_EXERCISE:_
Retype, exactly as they appear below, the lines between the line holding "I'll also be" and the line holding "The source code", both ends included.

_DATA TO PROCESS:_

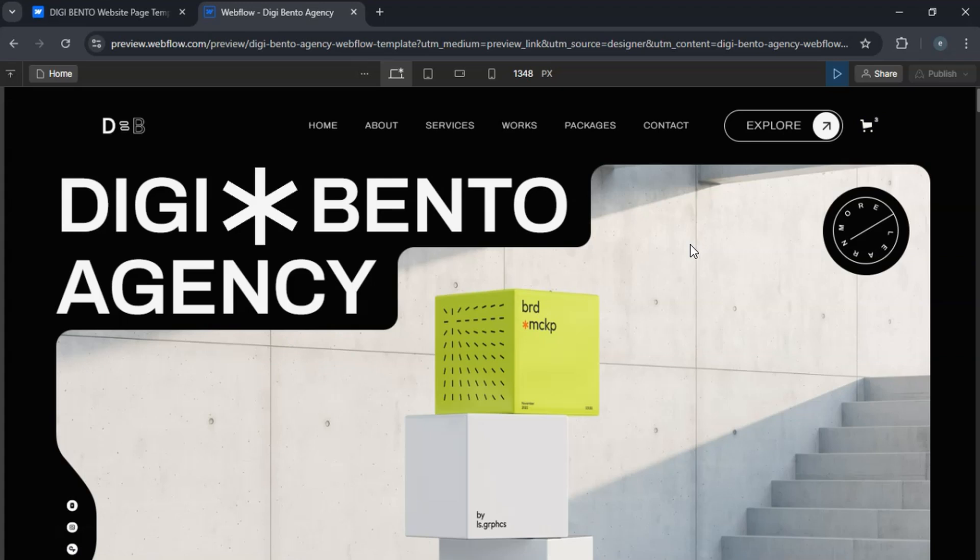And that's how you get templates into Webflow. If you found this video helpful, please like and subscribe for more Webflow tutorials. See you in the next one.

* * *

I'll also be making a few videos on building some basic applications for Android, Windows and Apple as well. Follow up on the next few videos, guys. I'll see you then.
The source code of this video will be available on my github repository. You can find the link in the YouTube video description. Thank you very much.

_WRITTEN RESPONSE:_
I'll also be making a few videos on building some basic applications for Android, Windows and Apple as well. Follow up on the next few videos, guys. I'll see you then.
The source code of this video will be available on my github repository. You can find the link in the YouTube video description. Thank you very much.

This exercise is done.